Şehirden ve ahaliden uzaklaşanın girdiği mağara artık yok. Gölgesinde soluklandığımız o ağacı söküp götürdüler başka bahçeye. Tertemiz göğsüyle bekleyen toprağı anız bahanesiyle yaktılar. Bütün nankörlükleri göğsüne sevgiyle alan anne öldü. Bir duvarın kenarından evlatlarını gözleyerek onlara emniyet sağlayan baba yatalak. Bozulan herkesin birbirine benzediği, bütün haklıların da yenilgi ve yalnızlık çatısında birbirine rastladığı mizansendi hayat.

“Beni çok önceden vurmuşlar gibi davran.”

Her şey olup bittikten sonra, olup biten her şeyin ilk hâline ıstıraplı bir özlem duyuyorum her defasında. Koparılmış bir çiçeğin tomurcuk haline, akıp giden bir suyun gözeden çıkışına, yaşanmış bir ömrün henüz gelmemiş oluşuna, söylenmiş sözlerin susuluşuna, yüzüne tükürülmüş bir insanın çocukluğuna ve tükürenin de çocukluğuna… Her şeyin ilk hâlindeki o sükûtun, kendini güvende hissettirten havası ve o havanın tekrar solunamayacağını biliyor olmanın, insanın göğüs kafesine çöken ağırlığı ile hiçbir şey yapabilmenin imkânı yoktu.

Böyle de olmamalıydı. Ama her şey olup bitti ve bize kahrı kaldı. İçimizde ise ahuzar. Aldırış etmemeyi kendime yakıştıramadım çünkü. En sonunda, bakanların her şeye karşı memnuniyetsiz bir yüz ifadesi gördükleri fotoğraf olmak da istemezdim ama olduk işte.  Uzun uzun bakılan ve bakıldıkça yürünecek bir yol görülen yakışıklı bir fotoğraf olmak… Çok isterdim.

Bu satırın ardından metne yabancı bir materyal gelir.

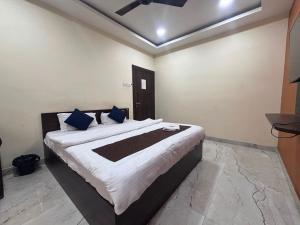 Un pat sau paturi într-o cameră la Collection O GNRC Hospital Dispur Formerly Shree Vinayak Guest House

Anlaşılamamak hep korkuttu, anlamış gibi yapmalarının kırıcılığından iyiydi yine de. İşte insan böyle susuyor. Kelimelerden kurtulmak için hepsini bir kuyuya böyle tükürüyor. Herkese nasıl küfretmek istiyorum bir bilseniz. Ve herkesten özür dilemek. İşte hayat böyle. Sanırım artık böyle. Yani kimseyi kimseden ayırt edemediğin herkes diye tek bir şey var.

Peki ben bu çivileri ağzımda boşuna mı taşıdım bunca vakit… Anladığım bir dille, bana da “senin canın acımaz mı” diye sorulsun istedim. Razıydım acısa da “hayır acımaz” demeye. Soranı, sorusundan tanıyayım istedim. Palto gibi asıldığım kırgınlık da kırılıp düştü. Kırgınlığım, yorgunluk olarak bilinmesin istedim. Kan tükürürdüm ama “iyiyim” derdim. Zira anladığım bir dilin beni iyi edeceğine inanıyordum. İyi olayım istedim. Şimdi ağzım yine çivilerle dolu. Kimsenin bir şey sormasını da beklemiyorum.

“Beynimdeki bu urla değil, kalbimde bir mermi çekirdeğiyle ölmeliydim ben.” demiştim bir keresinde.  Mermi görecek cesaretim de yok aslında. Bir ses patlasa kalbim o anda yırtılıyor. Ne arkamda duran bir şiir ne de tutunabileceğim bir söz… Korkaklığın hüküm sürdüğü zamanların duvarlara çakılı takvimlerinden bir yapraktım. Koparılmayı bekliyordum. Zannettim ki bu yapraklar tükenince bu zamanlar da bitecek. Yanılmışım. Her sayfa yeni bir ürkekliği bir sonraki zamana haber veriyordu. Herkesin, herkese hiç kimse olacağı vakit geldiğinde kolay tanınacaktım.

Bunları geçelim. Ne kalbimde mermi çekirdeği ne de beynimde ur… Gelgelelim ben öyle ölemem de… Zira yaşadıklarıma güvenmiyorum.